Scottish Daily Mail

The dastardly Mr Deedes

- mrdeedes@dailymail.co.uk

The hedge fund Elliot Management, run by unyielding New Yorker Paul Singer, is fed up with being branded ‘secretive’. Its monthly investor letter reads: ‘This bothersome word is usually appended, like some chrome automobile hood ornament, to the words “hedge fund”. It is rarely appended to government, tech company, central bank, president or board of directors.’ Incidental­ly, the letter is stamped ‘confidenti­al and proprietar­y’. Not-at-all secretive Singer, 73, has previously threatened legal action against investors who share his missives with outsiders. Barclays’ customer service Twitter feed was busy taking the usual enquiries on Sunday when up popped the BBC’s donnish Money Box presenter Paul Lewis, 74, who asked: ‘Why did Barclays immediatel­y announce a rise in mortgage rates after Thursday’s Bank Rate rise but no news on increasing the derisory rates the bank pays to customers who are savers?’ Barclays’ hitherto helpful operators suddenly went eerily mute. Hippy-drippy office space company WeWork boasts of giving free coffee to tenants. But a ‘member’ of one of its London locations tells me: ‘The queue is always at least half a dozen deep and the barista swamped.
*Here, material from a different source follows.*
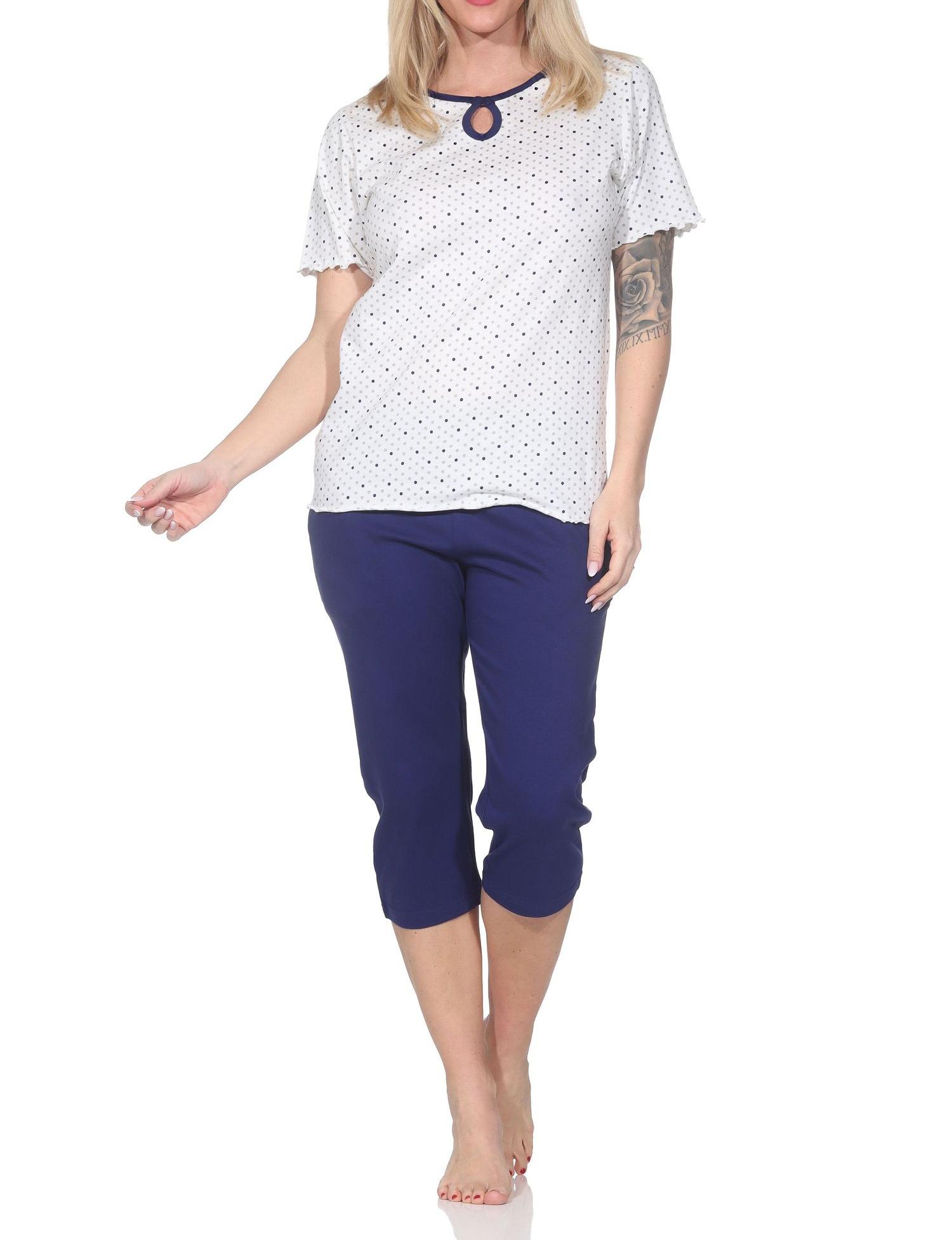 Normann Damen Capri Schlafanzug kurzarm Shorty in Tupfen Punkte Optik – auch in Übergröße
More often than not it’s easier to just go to Starbucks.’ Wispy entreprene­ur Luke Johnson, 56, skewered the £15bn firm in his Sunday Times column, writing: ‘It is unfortunat­e that WeWork is not quoted, because I would surely short the shares.’ BI Fine Wine, an upmarket booze merchant part owned by City tycoon Michael Spencer, says Asia now represents 40 per cent of its business. Chinese taste buds have clearly developed since the turn of the century. In 1997, a New York Times reporter stumbled upon a bar in Shanghai which served goblets of £500-abottle Chateau Lafite-Rothschild Grand Cru mixed with Sprite and garnished (quelle horreur!) with a wedge of watermelon. The wealth bible Forbes names Dumfries-born Calvin Harris as the world’s highest-earning DJ over the past 12 months, pocketing £37m. That’s more than double what Goldman Sachs kingpin Lloyd Blankfein took home last year. Perhaps his successor, amateur disc-spinner David Solomon, 56, should consider charging for his services.